Por allí un siglo y medio después, lo atravesó mi padre, de a caballo.
Conociéndolo, lo hizo al tranco, lentamente. ¿Habrá pasado la noche allí esperando el alba? ¿Habrán permanecido los ecos de aquella gesta? ¿Alcanzó a escucharlos, por el modo en que se ensimismaba cada 24 de Septiembre?
Hoy, a la sombra de los años pasados, siento que eran esos los viajes que el nombre elegido le señalaba: “el hijo que viene de lejos a narrar”.
Era su modo, también de aproximarme, no las cronologías de la historia, sino al misterio de la existencia que se debate permanentemente entre la verdad y la mentira. El dilema de la vida que me enseñó. Aquello que da sentido y significado a la existencia de cada uno.
Esa era su forma de enseñar lo importante. 
Señalar la hoja que lleva el viento, para que uno vaya en búsqueda del árbol.

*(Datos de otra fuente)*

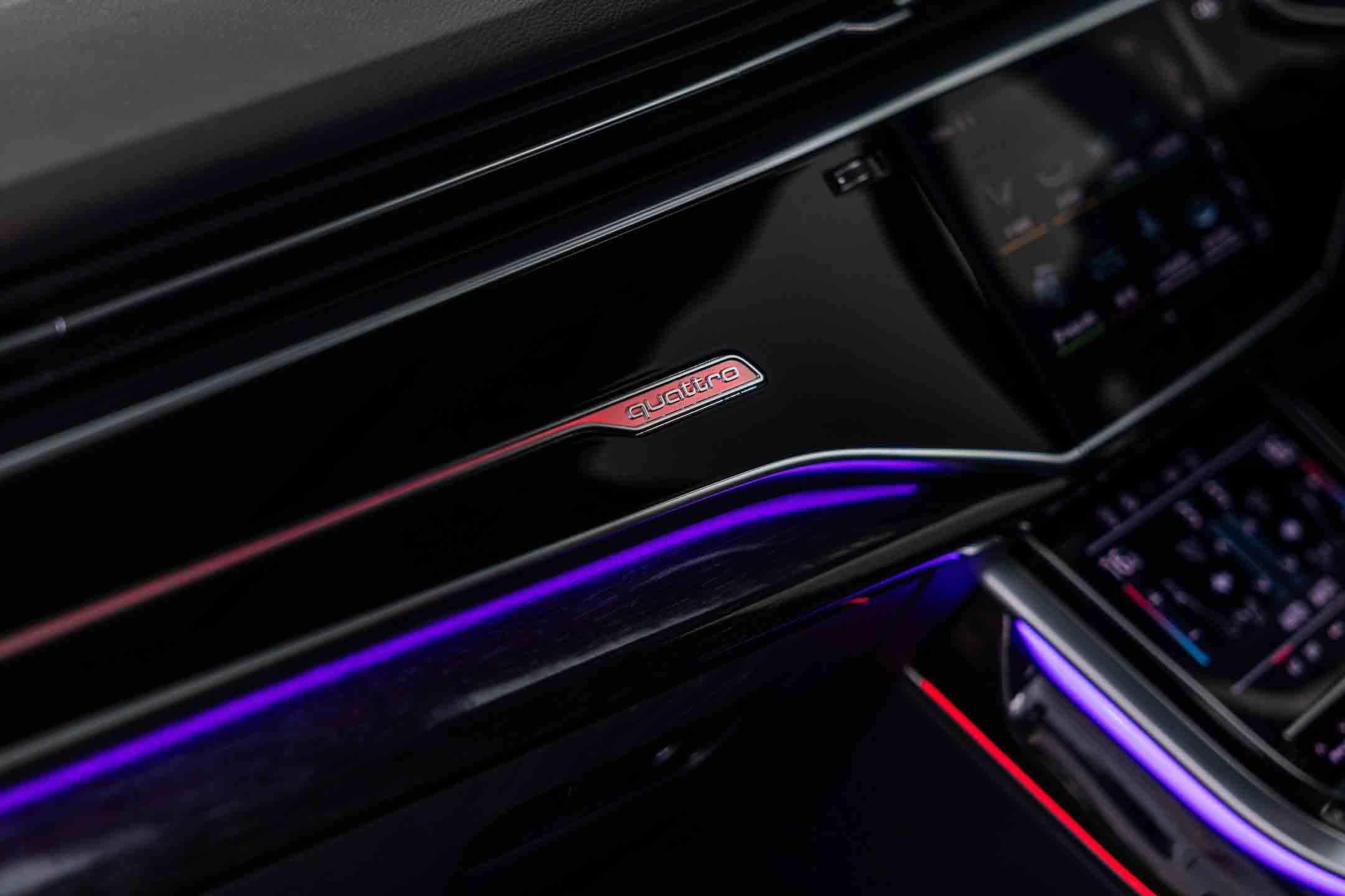 AUDI Q7 Premium Plus 55 TFSI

Procuraba salir de ese viaje interior, con paciencia por mi presencia, en la seguridad de que me resultaría imposible comprender su travesía de segundos antes. 
En qué lugar de la existencia desembarcaba de ese viaje, en qué momento del universo se detenía, imposible saberlo. 
Seguir caminando, ir a un quiosco a comprar un bloquecito de chocolate amargo y convidarme, era el gesto que nos permitía retomar nuestro andar por la vida cotidiana.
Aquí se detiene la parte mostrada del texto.